El pueblo ya no es remero porque se ha reconocido galeote, atado al banco
y al remo, maltratado a latigazos, a pan y agua y callado hasta reventar. Se ha
reconocido vil chusma entre quienes se beneficiaban de su esfuerzo. Mal momento
para reclutar y, además, con exigencias de limpieza de sangre por parte de
quien no la tuvo que demostrar. En confianza, te dicen: mira, tu te apuntas y
serás bienvenido. Luego serás interrogado por un cualquiera y palpado hasta tus
rincones más íntimos, a fin de evaluar si tienes unas grandes bolas que
garanticen tu efectividad con el remo; habrás luego de demostrar de dónde
vienes y a dónde vas y si conoces lo que te traes entre manos y, sobre todo, jurar
—o prometer, pienso— que serás obediente y bueno.

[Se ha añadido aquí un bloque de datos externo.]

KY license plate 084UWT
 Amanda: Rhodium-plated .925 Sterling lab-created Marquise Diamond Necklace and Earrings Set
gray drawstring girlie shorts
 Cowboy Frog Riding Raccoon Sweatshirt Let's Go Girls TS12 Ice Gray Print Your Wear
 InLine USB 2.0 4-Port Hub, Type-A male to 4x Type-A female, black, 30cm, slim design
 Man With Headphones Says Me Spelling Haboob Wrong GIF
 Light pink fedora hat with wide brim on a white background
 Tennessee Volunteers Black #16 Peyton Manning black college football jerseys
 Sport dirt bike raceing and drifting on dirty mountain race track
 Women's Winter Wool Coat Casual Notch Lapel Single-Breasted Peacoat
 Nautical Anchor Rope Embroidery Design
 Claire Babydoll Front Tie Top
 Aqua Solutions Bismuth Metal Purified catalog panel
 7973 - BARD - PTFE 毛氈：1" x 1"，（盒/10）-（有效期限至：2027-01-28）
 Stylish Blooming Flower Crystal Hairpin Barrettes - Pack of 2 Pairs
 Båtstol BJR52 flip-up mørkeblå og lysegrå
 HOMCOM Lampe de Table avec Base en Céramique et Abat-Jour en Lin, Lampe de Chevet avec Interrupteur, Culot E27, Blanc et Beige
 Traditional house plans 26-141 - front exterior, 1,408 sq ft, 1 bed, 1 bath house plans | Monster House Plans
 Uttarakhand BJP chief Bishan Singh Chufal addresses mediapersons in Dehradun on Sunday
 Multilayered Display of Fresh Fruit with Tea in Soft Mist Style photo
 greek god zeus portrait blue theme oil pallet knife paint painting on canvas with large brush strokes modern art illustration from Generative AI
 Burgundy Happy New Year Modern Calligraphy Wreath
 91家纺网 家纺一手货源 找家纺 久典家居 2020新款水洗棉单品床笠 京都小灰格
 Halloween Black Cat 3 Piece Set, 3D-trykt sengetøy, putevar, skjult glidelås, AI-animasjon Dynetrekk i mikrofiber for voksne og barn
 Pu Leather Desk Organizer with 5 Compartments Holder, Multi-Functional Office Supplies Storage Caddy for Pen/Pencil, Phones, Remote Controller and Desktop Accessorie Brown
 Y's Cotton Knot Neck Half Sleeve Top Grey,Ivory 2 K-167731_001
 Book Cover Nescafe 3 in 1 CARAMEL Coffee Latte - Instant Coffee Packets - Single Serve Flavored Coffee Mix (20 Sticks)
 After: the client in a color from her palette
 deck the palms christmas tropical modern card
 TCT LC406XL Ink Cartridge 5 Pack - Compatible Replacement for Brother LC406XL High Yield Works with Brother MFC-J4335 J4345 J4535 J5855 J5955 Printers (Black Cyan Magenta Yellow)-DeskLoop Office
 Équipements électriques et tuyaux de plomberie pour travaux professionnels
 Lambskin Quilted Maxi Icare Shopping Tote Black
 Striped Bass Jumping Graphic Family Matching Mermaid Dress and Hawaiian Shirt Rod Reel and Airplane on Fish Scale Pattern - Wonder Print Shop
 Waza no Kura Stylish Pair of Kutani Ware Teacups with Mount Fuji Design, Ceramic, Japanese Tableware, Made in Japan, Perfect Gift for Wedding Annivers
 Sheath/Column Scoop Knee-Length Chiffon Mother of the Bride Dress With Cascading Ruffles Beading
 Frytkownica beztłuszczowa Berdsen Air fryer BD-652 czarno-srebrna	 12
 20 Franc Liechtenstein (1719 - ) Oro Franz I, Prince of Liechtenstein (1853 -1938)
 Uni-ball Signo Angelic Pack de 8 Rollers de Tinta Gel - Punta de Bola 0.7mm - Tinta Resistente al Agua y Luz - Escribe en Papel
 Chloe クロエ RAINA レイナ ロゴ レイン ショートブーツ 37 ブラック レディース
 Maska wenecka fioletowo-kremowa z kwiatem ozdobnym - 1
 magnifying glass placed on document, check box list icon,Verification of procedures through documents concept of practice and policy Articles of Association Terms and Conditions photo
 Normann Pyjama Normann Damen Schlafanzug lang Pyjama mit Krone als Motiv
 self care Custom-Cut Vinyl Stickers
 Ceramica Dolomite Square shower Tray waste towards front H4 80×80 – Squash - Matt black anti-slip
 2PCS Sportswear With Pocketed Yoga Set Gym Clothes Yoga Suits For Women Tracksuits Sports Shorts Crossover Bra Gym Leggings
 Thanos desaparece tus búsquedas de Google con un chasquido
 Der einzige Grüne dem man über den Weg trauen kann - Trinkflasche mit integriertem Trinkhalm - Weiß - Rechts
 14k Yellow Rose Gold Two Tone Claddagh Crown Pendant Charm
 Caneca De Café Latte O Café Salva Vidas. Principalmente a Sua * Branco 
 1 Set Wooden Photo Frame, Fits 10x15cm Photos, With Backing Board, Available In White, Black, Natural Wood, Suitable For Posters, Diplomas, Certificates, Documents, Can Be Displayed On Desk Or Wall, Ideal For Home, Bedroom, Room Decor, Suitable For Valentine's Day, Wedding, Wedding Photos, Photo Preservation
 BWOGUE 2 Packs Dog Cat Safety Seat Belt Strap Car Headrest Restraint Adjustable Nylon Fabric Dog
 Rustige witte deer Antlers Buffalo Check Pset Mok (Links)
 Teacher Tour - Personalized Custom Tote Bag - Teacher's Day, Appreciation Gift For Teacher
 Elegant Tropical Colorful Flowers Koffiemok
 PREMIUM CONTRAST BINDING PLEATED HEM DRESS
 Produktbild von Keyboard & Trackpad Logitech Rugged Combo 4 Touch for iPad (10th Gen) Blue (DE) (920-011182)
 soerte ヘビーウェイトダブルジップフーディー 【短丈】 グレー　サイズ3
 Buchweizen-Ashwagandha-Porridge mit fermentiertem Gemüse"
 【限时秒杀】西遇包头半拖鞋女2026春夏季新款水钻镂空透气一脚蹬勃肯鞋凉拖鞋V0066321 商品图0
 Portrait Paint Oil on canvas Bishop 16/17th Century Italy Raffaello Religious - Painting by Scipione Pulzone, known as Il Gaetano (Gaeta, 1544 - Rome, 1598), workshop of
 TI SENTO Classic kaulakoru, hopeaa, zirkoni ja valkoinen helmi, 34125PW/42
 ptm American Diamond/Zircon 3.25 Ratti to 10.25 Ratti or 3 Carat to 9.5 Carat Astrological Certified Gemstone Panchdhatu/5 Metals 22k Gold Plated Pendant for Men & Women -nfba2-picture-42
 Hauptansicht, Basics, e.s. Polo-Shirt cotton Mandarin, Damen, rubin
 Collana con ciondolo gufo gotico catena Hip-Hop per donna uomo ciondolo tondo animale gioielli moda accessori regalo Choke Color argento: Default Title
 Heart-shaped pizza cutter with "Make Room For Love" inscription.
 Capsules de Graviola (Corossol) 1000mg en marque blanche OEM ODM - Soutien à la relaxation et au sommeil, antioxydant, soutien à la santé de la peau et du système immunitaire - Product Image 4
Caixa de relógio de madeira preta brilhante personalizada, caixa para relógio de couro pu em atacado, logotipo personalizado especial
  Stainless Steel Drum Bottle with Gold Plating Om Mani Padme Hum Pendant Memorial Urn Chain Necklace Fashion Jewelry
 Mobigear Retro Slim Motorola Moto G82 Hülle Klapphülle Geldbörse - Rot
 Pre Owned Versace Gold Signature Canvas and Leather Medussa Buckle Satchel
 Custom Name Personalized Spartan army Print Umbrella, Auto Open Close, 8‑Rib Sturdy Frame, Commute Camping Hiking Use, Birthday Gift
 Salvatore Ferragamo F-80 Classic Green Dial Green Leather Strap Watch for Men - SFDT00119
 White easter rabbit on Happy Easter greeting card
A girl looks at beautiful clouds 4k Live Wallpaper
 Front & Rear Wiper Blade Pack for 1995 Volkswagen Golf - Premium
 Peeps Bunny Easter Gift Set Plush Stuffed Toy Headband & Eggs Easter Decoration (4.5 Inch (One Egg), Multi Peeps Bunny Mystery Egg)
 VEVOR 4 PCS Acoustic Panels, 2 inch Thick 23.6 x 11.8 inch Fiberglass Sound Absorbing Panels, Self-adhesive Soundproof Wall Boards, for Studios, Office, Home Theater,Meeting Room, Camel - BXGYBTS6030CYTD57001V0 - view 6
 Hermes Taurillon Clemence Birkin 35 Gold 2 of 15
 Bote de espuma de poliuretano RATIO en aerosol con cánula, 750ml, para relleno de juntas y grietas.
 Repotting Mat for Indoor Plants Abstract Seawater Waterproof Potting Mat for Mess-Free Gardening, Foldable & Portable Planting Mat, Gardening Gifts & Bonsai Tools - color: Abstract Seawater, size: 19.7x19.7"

Pero no se te encoja el
ombligo, que todo lo haremos nosotros mismos, que sabes que tenemos experiencia acreditada.
Pero sospechas que en la oficina de reclutamiento esconden algo, porque nadie
habla de los pasajeros que has visto, y cuando ingenuamente preguntas cuál es
la retribución del remero te responden que el mero hecho de serlo y el honor de
servir al rey.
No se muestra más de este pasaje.